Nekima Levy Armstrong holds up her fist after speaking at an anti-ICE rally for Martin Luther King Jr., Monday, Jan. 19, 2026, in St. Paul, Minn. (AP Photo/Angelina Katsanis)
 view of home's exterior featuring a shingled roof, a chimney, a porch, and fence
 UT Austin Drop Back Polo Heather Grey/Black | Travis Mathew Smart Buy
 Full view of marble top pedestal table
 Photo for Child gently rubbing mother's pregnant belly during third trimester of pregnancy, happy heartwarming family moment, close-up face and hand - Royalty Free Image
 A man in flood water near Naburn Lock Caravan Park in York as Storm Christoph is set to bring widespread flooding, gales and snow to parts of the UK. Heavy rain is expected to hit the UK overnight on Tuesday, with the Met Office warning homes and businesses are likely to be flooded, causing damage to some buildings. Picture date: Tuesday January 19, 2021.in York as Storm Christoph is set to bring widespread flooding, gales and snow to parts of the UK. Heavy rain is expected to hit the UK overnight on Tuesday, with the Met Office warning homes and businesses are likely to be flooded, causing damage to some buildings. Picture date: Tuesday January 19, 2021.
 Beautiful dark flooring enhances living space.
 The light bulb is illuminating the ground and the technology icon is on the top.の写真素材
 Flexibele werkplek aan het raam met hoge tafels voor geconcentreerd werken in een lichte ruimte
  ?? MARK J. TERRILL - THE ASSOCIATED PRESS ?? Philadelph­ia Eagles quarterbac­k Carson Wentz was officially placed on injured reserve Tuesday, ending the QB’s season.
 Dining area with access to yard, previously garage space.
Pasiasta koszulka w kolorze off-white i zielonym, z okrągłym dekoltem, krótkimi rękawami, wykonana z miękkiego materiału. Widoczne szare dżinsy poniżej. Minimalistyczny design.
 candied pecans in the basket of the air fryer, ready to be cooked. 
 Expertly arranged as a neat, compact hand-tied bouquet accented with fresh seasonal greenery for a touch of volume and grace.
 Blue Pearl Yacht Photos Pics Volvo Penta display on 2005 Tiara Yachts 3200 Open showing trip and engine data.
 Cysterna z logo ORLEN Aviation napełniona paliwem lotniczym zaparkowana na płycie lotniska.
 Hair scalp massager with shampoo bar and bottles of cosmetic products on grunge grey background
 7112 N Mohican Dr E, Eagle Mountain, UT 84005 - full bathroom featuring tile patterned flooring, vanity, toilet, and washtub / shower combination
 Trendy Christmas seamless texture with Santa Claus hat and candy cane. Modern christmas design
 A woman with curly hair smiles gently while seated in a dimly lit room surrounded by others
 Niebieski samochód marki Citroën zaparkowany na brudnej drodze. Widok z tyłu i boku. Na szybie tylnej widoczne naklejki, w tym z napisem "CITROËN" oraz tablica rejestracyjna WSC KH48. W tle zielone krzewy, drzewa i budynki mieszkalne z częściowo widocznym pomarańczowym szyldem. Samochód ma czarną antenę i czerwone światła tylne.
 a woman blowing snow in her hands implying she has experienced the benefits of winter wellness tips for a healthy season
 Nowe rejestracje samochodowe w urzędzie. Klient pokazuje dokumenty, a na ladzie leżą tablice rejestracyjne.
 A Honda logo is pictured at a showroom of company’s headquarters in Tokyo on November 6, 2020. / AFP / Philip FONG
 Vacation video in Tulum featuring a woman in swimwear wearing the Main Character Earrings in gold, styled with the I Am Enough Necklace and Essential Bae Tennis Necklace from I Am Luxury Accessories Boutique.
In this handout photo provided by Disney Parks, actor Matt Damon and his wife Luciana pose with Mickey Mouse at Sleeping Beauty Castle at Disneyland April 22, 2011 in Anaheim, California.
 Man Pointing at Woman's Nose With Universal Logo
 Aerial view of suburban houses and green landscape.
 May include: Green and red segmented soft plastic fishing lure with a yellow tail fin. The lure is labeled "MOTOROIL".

**PROBLEM TO WORK ON:** Copy each entry exactly, with nothing added or dropped.

**TASK SOLUTION:**
Nekima Levy Armstrong holds up her fist after speaking at an anti-ICE rally for Martin Luther King Jr., Monday, Jan. 19, 2026, in St. Paul, Minn. (AP Photo/Angelina Katsanis)
 view of home's exterior featuring a shingled roof, a chimney, a porch, and fence
 UT Austin Drop Back Polo Heather Grey/Black | Travis Mathew Smart Buy
 Full view of marble top pedestal table
 Photo for Child gently rubbing mother's pregnant belly during third trimester of pregnancy, happy heartwarming family moment, close-up face and hand - Royalty Free Image
 A man in flood water near Naburn Lock Caravan Park in York as Storm Christoph is set to bring widespread flooding, gales and snow to parts of the UK. Heavy rain is expected to hit the UK overnight on Tuesday, with the Met Office warning homes and businesses are likely to be flooded, causing damage to some buildings. Picture date: Tuesday January 19, 2021.in York as Storm Christoph is set to bring widespread flooding, gales and snow to parts of the UK. Heavy rain is expected to hit the UK overnight on Tuesday, with the Met Office warning homes and businesses are likely to be flooded, causing damage to some buildings. Picture date: Tuesday January 19, 2021.
 Beautiful dark flooring enhances living space.
 The light bulb is illuminating the ground and the technology icon is on the top.の写真素材
 Flexibele werkplek aan het raam met hoge tafels voor geconcentreerd werken in een lichte ruimte
  ?? MARK J. TERRILL - THE ASSOCIATED PRESS ?? Philadelph­ia Eagles quarterbac­k Carson Wentz was officially placed on injured reserve Tuesday, ending the QB’s season.
 Dining area with access to yard, previously garage space.
Pasiasta koszulka w kolorze off-white i zielonym, z okrągłym dekoltem, krótkimi rękawami, wykonana z miękkiego materiału. Widoczne szare dżinsy poniżej. Minimalistyczny design.
 candied pecans in the basket of the air fryer, ready to be cooked. 
 Expertly arranged as a neat, compact hand-tied bouquet accented with fresh seasonal greenery for a touch of volume and grace.
 Blue Pearl Yacht Photos Pics Volvo Penta display on 2005 Tiara Yachts 3200 Open showing trip and engine data.
 Cysterna z logo ORLEN Aviation napełniona paliwem lotniczym zaparkowana na płycie lotniska.
 Hair scalp massager with shampoo bar and bottles of cosmetic products on grunge grey background
 7112 N Mohican Dr E, Eagle Mountain, UT 84005 - full bathroom featuring tile patterned flooring, vanity, toilet, and washtub / shower combination
 Trendy Christmas seamless texture with Santa Claus hat and candy cane. Modern christmas design
 A woman with curly hair smiles gently while seated in a dimly lit room surrounded by others
 Niebieski samochód marki Citroën zaparkowany na brudnej drodze. Widok z tyłu i boku. Na szybie tylnej widoczne naklejki, w tym z napisem "CITROËN" oraz tablica rejestracyjna WSC KH48. W tle zielone krzewy, drzewa i budynki mieszkalne z częściowo widocznym pomarańczowym szyldem. Samochód ma czarną antenę i czerwone światła tylne.
 a woman blowing snow in her hands implying she has experienced the benefits of winter wellness tips for a healthy season
 Nowe rejestracje samochodowe w urzędzie. Klient pokazuje dokumenty, a na ladzie leżą tablice rejestracyjne.
 A Honda logo is pictured at a showroom of company’s headquarters in Tokyo on November 6, 2020. / AFP / Philip FONG
 Vacation video in Tulum featuring a woman in swimwear wearing the Main Character Earrings in gold, styled with the I Am Enough Necklace and Essential Bae Tennis Necklace from I Am Luxury Accessories Boutique.
In this handout photo provided by Disney Parks, actor Matt Damon and his wife Luciana pose with Mickey Mouse at Sleeping Beauty Castle at Disneyland April 22, 2011 in Anaheim, California.
 Man Pointing at Woman's Nose With Universal Logo
 Aerial view of suburban houses and green landscape.
 May include: Green and red segmented soft plastic fishing lure with a yellow tail fin. The lure is labeled "MOTOROIL".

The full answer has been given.